The AMA Urges Governors and State Legislatures to Take Action to Curb Drug Overdoses

Brian Skinner Government & Policy, Opioid Drug Crisis
Opioid drugs

Opioid drugs

By Brian Skinner, Esq.

An increasing number of reports in the national, state and local media suggests an upsurge in opioid- and other drug-related mortality—particularly from illicitly manufactured fentanyl and fentanyl analogs. Although nationwide data is incomplete, the data that is available suggests drug overdose deaths are on track to reach an all-time high.

Prior to the arrival of the Covid-19 pandemic, the U.S. was suffering the deadliest drug overdose epidemic in its history, with a record 71,000 overdose deaths last year. According to preliminary death data from the Centers for Disease Control and Prevention (CDC), between April 2019 and April 2020 there were nearly 74,000 overdose deaths, up from the 68,000 reported for the comparable period one year earlier. West Virginia is expected to see an 8.7% increase in overdose deaths for the same period.

Much of this increase can be attributed to the pandemic, which has left people stressed and isolated, disrupted treatment and recovery programs, and contributed to an increasingly dangerous illicit drug supply.

While stay-at-home orders and other restrictions have helped stop the spread of Covid-19, they have also had an impact on addiction treatment and counseling. The response to the pandemic had limited in-person engagement, which has exacerbated feelings of isolation and depression.

In light of these frightening statistics, the American Medical Association (AMA) has provided specific policy recommendations to help states and others amid the Covid-19 outbreak. The recommendations are intended to help guide policymakers reduce the stress being experienced by patients with an opioid use disorder (OUD) and pain as well as support efforts to continue harm reduction efforts in communities across the United States.
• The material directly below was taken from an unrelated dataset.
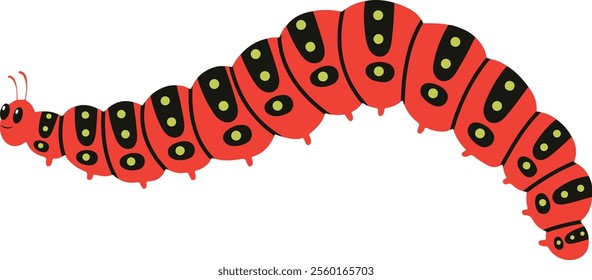 vector colorful caterpillar animal illustration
The following are some of the recommendations the AMA is urging governors and state legislatures to adopt to ensure access to care for patients with an opioid use disorder:

  • Adopting new U.S. Drug Enforcement Administration (DEA) guidance providing flexibility for physicians managing patients with opioid use disorder. This includes authorizing prescriptions for buprenorphine for the treatment of opioid use disorder to new and existing patients based on an evaluation via telephone.
  • Designating medications to treat addiction (buprenorphine, methadone, naltrexone) and medications to reverse opioid-related overdose (naloxone) as “essential services” to reduce barriers to access during “shelter-in-place” orders. The U.S. Drug Enforcement Administration has already waived federal requirements for in-person visits before controlled substance prescribing; we encourage states to take similar action for their controlled substance regulations.
  • Prohibiting cost-sharing and prior authorization for medications used to treat addiction, including buprenorphine, methadone and naltrexone; allow for a 90-day prescription for patients receiving buprenorphine; payers should suspend all day limits on residential and intensive out-patient therapy.
  • Requesting a blanket exception to SAMHSA for Opioid Treatment Programs (OTP) to receive Take-Home doses of a patient’s medication for opioid use disorder.
  • Removing restrictions on the Medicaid preferred drug lists to help avoid medication shortages. This includes ensuring coverage for methadone for patients receiving care in an OTP.
  • Temporarily waiving strict requirements in correctional and justice settings for submitting drug tests, in-person counseling and “check-ins” and similar requirements; suspend consequences for failure to meet strict reporting, counseling and testing requirements, including removal from public housing, loss of public benefits, and return to jail or prison. Additional efforts must be made to ensure people receiving MAT in criminal justice settings receive help in transitioning to care after release.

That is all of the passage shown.